### Work to be completed
Search the records for the word "button" and pick out every line that has it.

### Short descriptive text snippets
*** Begin section ***

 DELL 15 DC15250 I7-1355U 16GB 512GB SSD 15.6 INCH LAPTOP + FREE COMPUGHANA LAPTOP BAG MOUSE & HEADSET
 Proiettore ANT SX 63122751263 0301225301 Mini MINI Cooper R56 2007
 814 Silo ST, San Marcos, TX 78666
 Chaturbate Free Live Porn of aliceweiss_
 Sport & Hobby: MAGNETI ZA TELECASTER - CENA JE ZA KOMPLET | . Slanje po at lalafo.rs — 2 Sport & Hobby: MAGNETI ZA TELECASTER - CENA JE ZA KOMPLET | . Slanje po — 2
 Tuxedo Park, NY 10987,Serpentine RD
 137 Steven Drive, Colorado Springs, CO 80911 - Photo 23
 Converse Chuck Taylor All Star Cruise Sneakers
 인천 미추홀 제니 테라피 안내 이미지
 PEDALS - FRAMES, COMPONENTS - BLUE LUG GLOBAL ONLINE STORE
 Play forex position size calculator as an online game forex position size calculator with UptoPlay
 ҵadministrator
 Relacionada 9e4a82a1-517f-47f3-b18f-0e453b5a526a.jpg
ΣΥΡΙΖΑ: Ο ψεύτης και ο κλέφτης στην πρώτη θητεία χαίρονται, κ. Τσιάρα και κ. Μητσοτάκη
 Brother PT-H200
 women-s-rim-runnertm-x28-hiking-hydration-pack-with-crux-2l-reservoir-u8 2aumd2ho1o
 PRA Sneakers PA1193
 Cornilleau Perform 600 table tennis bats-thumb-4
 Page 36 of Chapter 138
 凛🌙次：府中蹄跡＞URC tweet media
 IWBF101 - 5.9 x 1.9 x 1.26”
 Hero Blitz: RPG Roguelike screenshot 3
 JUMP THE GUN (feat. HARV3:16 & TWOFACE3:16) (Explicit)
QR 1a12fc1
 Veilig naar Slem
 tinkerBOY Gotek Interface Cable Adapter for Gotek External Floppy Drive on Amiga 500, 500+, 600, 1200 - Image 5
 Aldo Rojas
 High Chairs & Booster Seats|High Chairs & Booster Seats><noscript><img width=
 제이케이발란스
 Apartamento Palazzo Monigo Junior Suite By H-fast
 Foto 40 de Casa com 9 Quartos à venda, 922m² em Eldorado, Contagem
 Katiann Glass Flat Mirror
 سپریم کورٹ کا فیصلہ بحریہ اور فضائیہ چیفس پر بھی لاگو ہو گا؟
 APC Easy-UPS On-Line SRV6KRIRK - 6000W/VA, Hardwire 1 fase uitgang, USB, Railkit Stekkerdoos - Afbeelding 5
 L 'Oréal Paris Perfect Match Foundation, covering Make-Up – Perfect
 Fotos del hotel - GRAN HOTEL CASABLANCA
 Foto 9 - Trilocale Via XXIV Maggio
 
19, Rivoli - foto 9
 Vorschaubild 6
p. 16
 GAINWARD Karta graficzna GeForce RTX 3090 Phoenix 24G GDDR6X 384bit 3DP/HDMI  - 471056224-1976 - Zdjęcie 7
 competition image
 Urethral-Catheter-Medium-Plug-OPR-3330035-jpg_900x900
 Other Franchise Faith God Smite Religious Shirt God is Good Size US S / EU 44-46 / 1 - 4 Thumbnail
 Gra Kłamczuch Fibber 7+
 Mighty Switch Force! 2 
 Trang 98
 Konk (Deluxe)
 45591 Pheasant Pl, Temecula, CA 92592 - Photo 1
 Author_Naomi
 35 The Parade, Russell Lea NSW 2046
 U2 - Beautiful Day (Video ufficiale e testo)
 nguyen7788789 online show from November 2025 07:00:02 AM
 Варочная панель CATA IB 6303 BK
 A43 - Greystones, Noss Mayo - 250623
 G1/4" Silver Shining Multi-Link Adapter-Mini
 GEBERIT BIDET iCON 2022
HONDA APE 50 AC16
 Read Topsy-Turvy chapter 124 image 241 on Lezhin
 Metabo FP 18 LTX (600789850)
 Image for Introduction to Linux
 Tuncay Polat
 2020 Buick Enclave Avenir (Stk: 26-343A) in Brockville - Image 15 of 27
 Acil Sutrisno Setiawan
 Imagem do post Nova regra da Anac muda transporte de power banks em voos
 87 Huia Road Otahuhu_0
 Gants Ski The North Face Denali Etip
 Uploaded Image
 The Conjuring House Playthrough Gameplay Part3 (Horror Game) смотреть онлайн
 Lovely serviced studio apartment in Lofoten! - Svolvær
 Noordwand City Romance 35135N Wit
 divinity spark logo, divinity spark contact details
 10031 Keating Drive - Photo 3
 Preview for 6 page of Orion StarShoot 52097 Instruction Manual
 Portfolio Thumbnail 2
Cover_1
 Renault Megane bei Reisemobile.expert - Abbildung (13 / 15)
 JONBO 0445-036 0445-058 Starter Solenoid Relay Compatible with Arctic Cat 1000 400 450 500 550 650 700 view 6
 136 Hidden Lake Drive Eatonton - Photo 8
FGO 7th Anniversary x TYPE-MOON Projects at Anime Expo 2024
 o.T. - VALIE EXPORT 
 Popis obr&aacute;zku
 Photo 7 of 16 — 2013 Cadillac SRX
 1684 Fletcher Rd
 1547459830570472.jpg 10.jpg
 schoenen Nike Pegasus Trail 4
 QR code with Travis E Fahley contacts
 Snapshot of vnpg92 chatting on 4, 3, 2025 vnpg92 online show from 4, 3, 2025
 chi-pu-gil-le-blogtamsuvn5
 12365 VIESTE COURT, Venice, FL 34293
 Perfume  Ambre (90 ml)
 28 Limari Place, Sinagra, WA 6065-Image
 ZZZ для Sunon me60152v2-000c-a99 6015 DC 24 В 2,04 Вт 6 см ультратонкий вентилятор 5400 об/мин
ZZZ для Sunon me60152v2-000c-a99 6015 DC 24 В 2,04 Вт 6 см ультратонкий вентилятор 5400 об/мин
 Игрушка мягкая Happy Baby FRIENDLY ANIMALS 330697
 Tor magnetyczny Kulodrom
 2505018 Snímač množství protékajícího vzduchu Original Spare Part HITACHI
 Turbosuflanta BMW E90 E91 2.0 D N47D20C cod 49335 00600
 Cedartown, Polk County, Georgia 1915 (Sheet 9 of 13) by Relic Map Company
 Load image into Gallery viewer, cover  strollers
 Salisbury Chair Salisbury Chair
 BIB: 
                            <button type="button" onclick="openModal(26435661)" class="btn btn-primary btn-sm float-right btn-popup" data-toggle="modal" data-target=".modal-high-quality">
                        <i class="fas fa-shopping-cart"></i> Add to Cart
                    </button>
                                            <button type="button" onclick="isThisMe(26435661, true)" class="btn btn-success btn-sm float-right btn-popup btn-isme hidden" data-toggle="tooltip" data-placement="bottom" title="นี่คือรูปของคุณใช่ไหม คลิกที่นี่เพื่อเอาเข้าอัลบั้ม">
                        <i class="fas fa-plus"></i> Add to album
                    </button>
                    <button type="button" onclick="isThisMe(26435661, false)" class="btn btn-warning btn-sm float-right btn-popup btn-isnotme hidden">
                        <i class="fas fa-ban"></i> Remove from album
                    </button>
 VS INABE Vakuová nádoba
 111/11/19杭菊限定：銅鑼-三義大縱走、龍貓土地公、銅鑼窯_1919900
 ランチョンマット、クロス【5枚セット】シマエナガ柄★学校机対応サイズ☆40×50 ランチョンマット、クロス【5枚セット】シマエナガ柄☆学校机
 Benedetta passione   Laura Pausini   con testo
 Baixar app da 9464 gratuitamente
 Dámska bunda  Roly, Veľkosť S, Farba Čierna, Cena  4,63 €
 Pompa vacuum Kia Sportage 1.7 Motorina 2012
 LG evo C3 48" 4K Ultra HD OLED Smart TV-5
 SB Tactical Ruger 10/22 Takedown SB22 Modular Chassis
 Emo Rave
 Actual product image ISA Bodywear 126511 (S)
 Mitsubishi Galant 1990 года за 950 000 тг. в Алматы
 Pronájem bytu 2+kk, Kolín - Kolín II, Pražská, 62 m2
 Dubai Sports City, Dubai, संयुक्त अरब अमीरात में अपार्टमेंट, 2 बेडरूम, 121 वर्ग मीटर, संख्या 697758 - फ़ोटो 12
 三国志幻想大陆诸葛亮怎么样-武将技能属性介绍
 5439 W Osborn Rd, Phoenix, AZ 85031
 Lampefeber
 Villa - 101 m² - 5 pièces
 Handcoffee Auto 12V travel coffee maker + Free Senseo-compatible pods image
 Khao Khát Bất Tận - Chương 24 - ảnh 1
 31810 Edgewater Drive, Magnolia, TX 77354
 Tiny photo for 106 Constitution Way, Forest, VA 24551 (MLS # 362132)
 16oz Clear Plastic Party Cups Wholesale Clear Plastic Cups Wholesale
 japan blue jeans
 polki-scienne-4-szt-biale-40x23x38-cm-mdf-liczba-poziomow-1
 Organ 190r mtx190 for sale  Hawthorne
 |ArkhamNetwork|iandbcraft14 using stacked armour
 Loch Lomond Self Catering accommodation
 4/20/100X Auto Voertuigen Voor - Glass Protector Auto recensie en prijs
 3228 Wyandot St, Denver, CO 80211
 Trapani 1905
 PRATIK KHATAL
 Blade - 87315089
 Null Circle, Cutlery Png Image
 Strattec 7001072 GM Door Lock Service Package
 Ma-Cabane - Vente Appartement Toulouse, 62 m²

*** End section ***

### Answer section
                            <button type="button" onclick="openModal(26435661)" class="btn btn-primary btn-sm float-right btn-popup" data-toggle="modal" data-target=".modal-high-quality">
                    </button>
                                            <button type="button" onclick="isThisMe(26435661, true)" class="btn btn-success btn-sm float-right btn-popup btn-isme hidden" data-toggle="tooltip" data-placement="bottom" title="นี่คือรูปของคุณใช่ไหม คลิกที่นี่เพื่อเอาเข้าอัลบั้ม">
                    </button>
                    <button type="button" onclick="isThisMe(26435661, false)" class="btn btn-warning btn-sm float-right btn-popup btn-isnotme hidden">
                    </button>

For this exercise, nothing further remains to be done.